ICBA News Release
FOR IMMEDIATE RELEASE
ICBA’s Fine Represents Nation’s Community Banks In Meeting with Treasury Sec. Geithner
Washington, D.C. (February 25, 2010)—Independent Community Bankers of America (ICBA) President and CEO Camden R. Fine met today with Treasury Secretary Timothy Geithner on behalf of the nation’s community banks to discuss financial regulatory reform. The meeting also included chief executives from other leading business and financial trade groups.
“ICBA thanks Secretary Geithner and the administration for continuing to include community banks in the dialogue on financial regulatory reform,” said Fine. “A wide range of issues were discussed and we are gratified that the Secretary’s views on too-big-to fail and resolution authority are closely aligned with ICBA. ICBA will continue to fight hard to hold too-big-to-fail institutions accountable for the risks they pose to our entire financial system and America’s taxpayers.”
ICBA has been a leading proponent of strong legislative and regulatory measures that would protect America’s financial system and taxpayers by holding accountable the systemically dangerous mega firms and unregulated nonbanks that were the root cause of the financial crisis.

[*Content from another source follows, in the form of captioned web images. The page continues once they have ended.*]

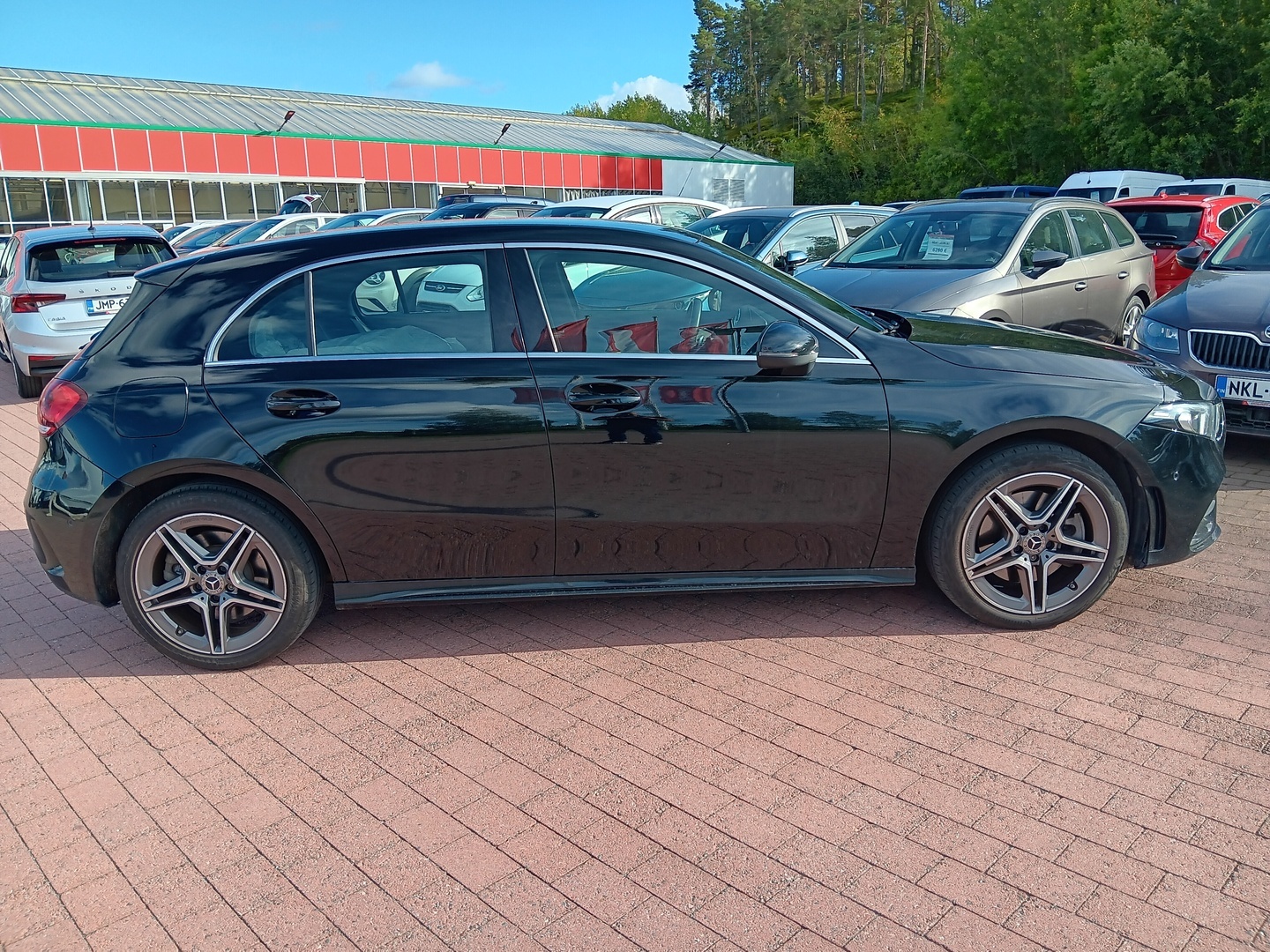 MERCEDES-BENZ A 2023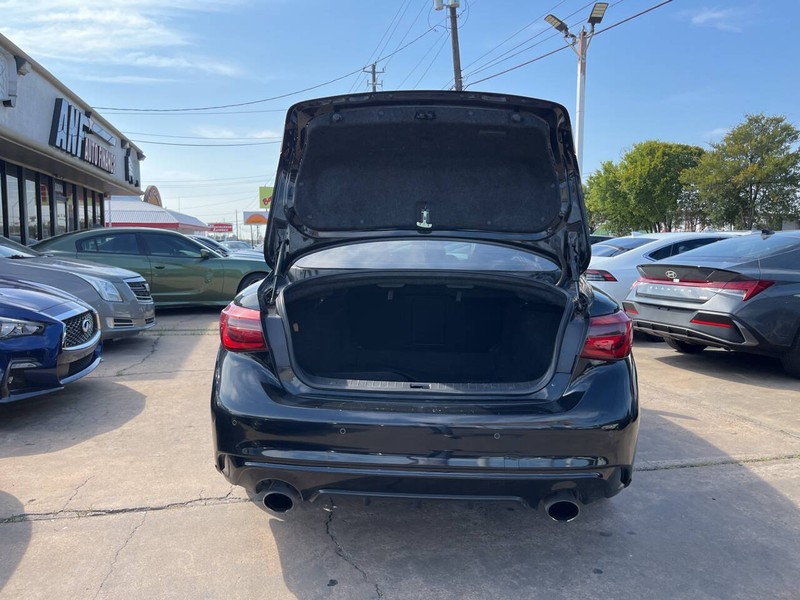 INFINITI Q50 Vehicle Image 09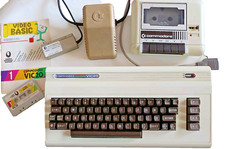 Commodore VIC 20 con accessori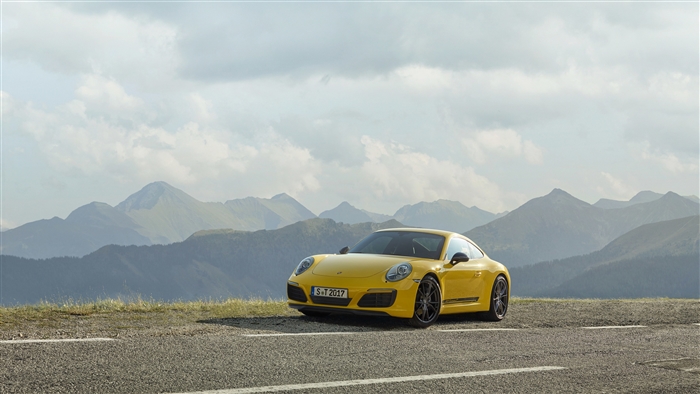 Yellow Porsche 911 Carrera T Coupe 2018 4K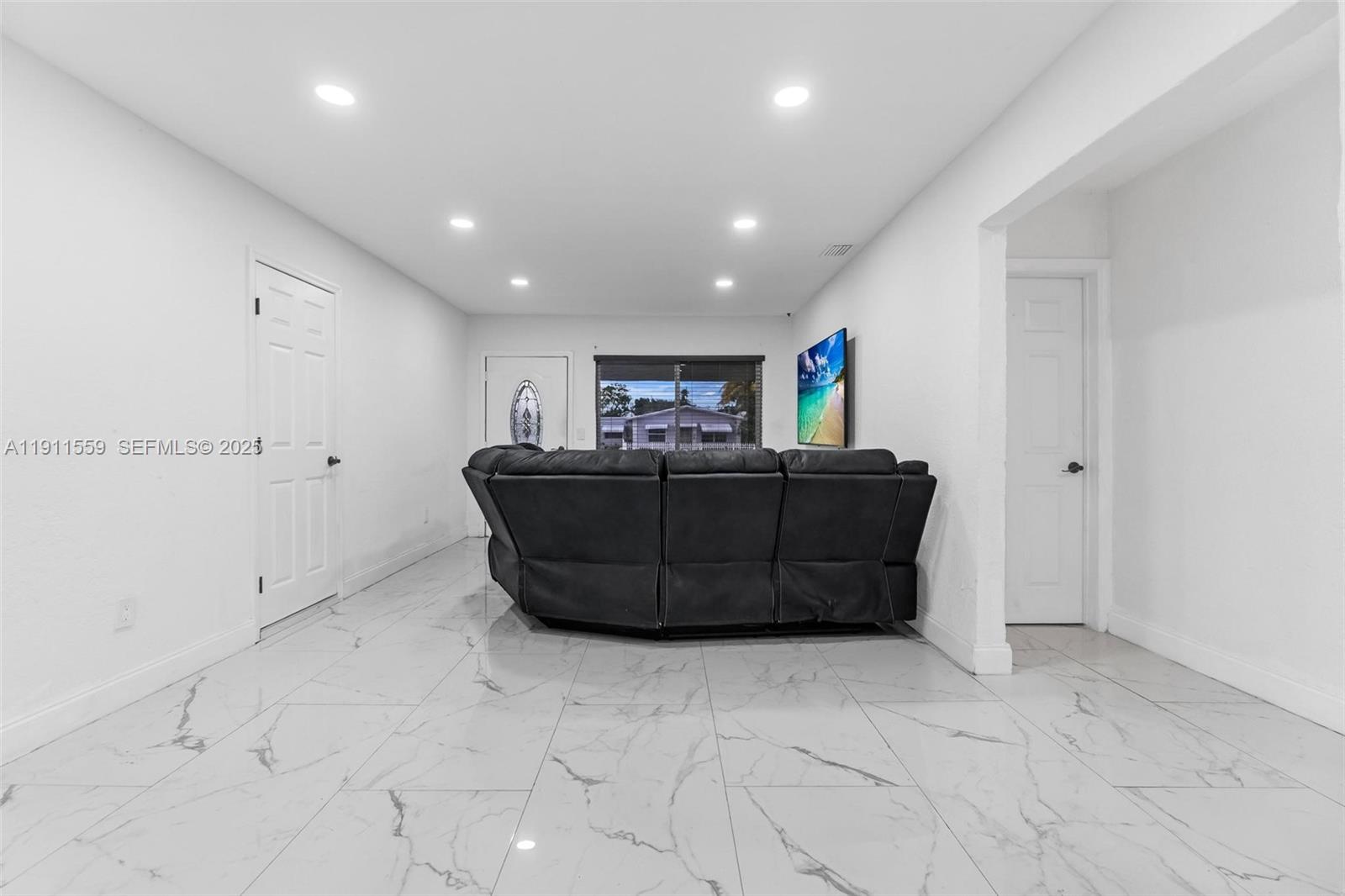 HYDE PARK FIRST SEC - Residential
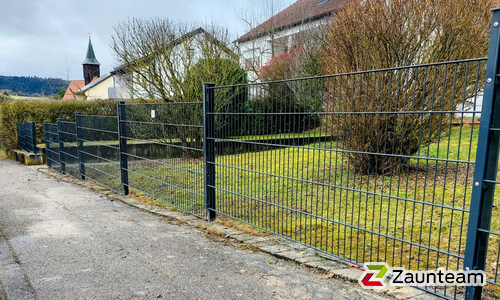 Doppelstabmatten schwer feuerverzinkt und anthrazit beschichtet mit Pfosten 60 x 40 mit Abdeckleisten einbetoniert wurde in Gaildorf von Zaunteam Schwäbisch Hall, Schwäbisch Hall im Jahr 2026 erstellt.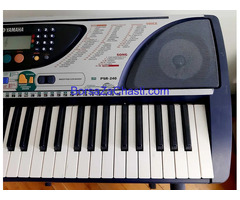 YAMAHA psr 240 Синтезатор / Клавир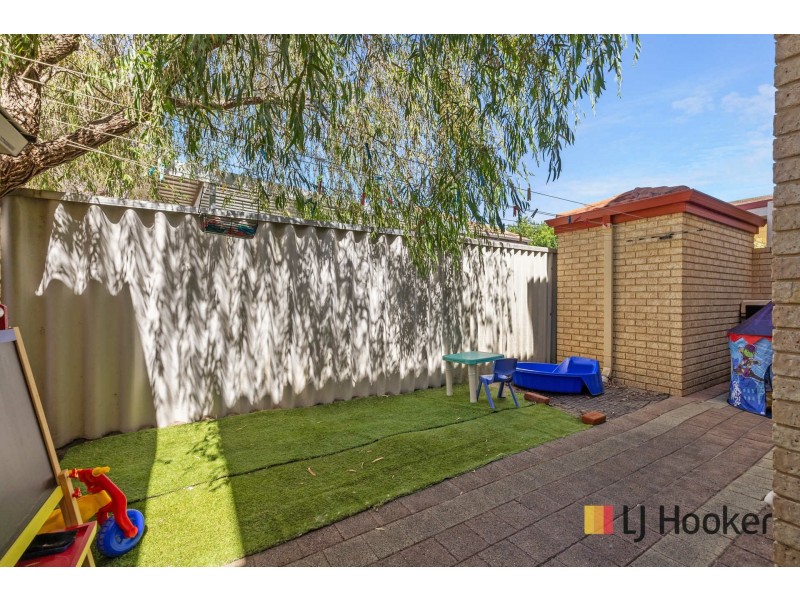 Unit 1/190 Kitchener Road, Booragoon WA 6154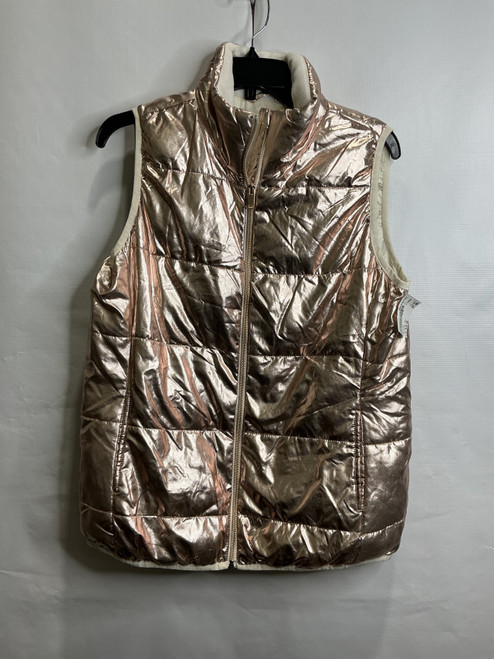 Vist Large View of Product Image Which is Used Xersion Lightweight Vest M-8/10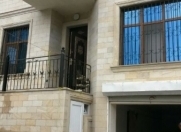 Satılır 4 otaqlı 180 m2 həyət evi Bakıxanov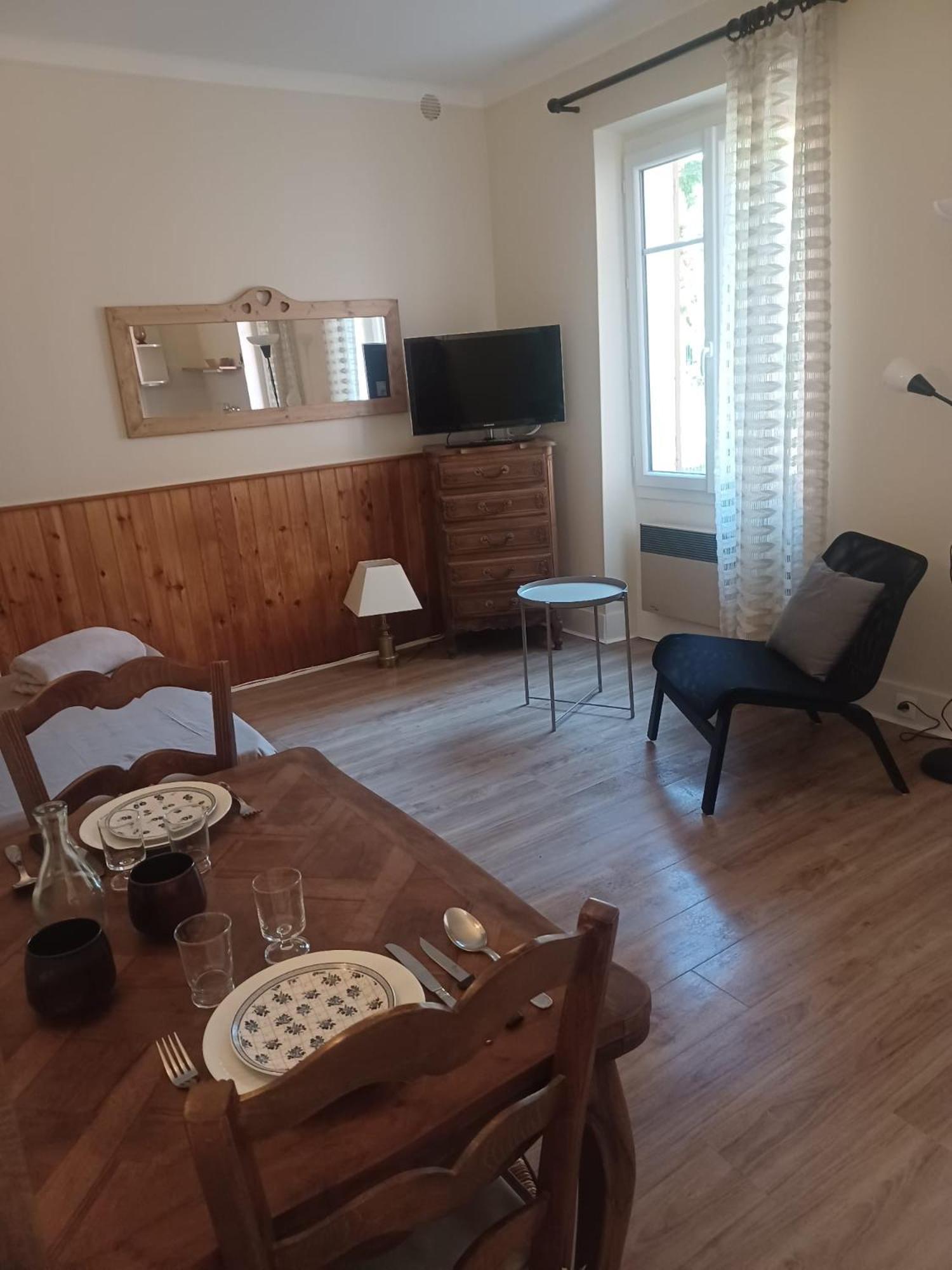 Saint-Étienne-de-Tinée Studio Le Clocher מראה חיצוני תמונה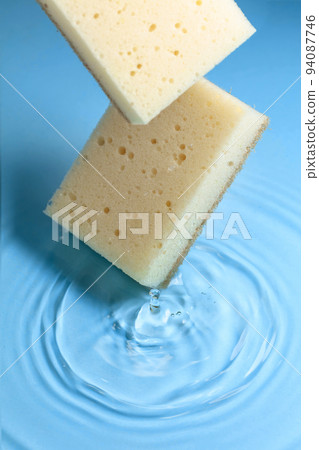 The sponge falls into the water. 94087746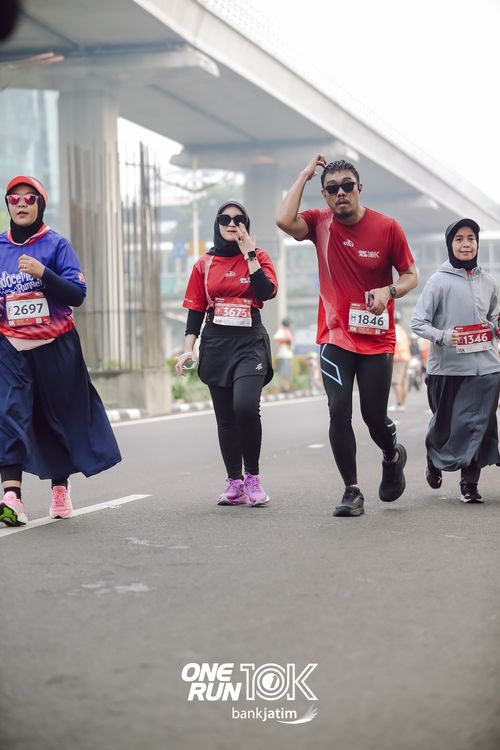 Race photo from ONE RUN 10 K
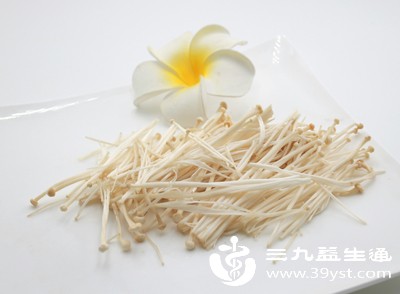 金针菇放黄了别扔 符合这3点就能吃 处理要正确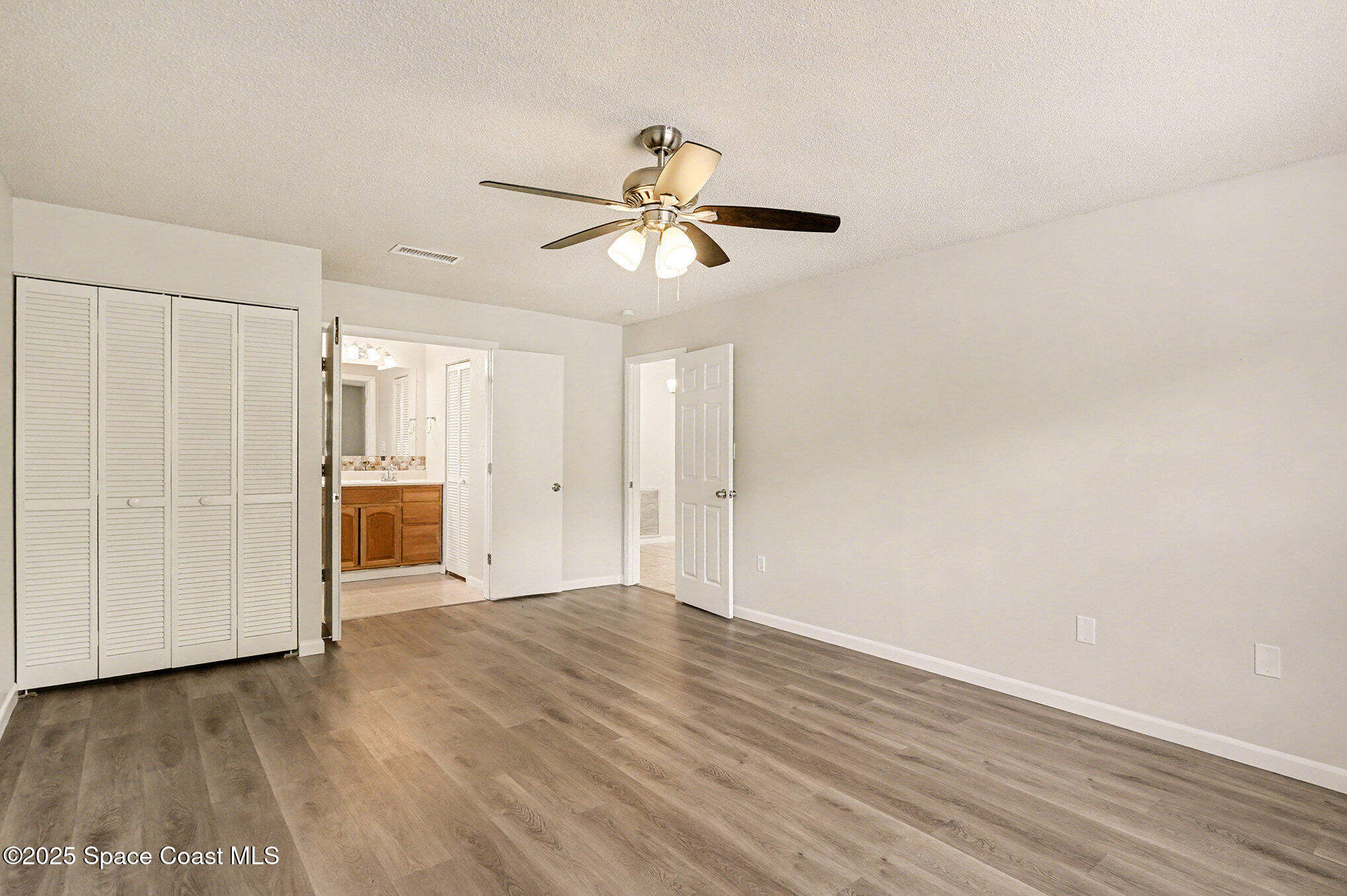 1337 Pakenham Street NW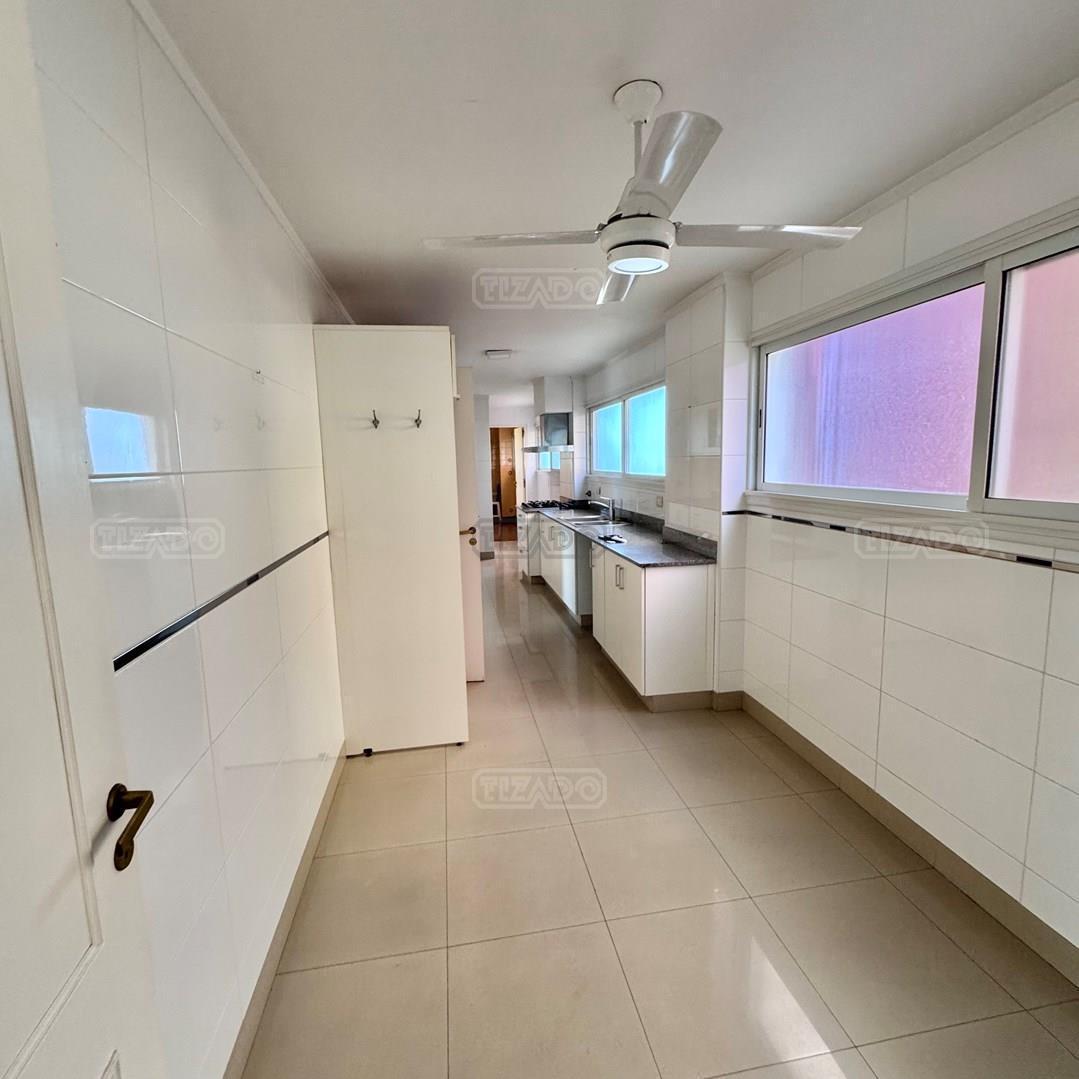 Foto de Departamento Piso en Alquiler en La Lucila, Vicente López, G.B.A. Zona, imagen 3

ICBA supports policies that address the overconcentration of the financial system and subject systemically dangerous firms to more rigorous regulations. ICBA is also the leading advocate calling for the FDIC to base its deposit-insurance assessment base on assets (minus tangible capital), not just domestic deposits, to ensure large firms shoulder their fair share of deposit-insurance premiums. Additionally, ICBA supports maintaining multiple regulators and closing the ILC loophole. ICBA also opposes the creation of a consumer financial protection agency with oversight of community banks, because consumer protection should not be separate from safety-and-soundness regulation; instead, they must coexist and be balanced for effective regulation.
ICBA looks forward to continuing to work with the administration and Congress to ensure that any financial regulatory reform measures strengthen the fabric of our entire financial system and the cities and towns our community banks so proudly serve.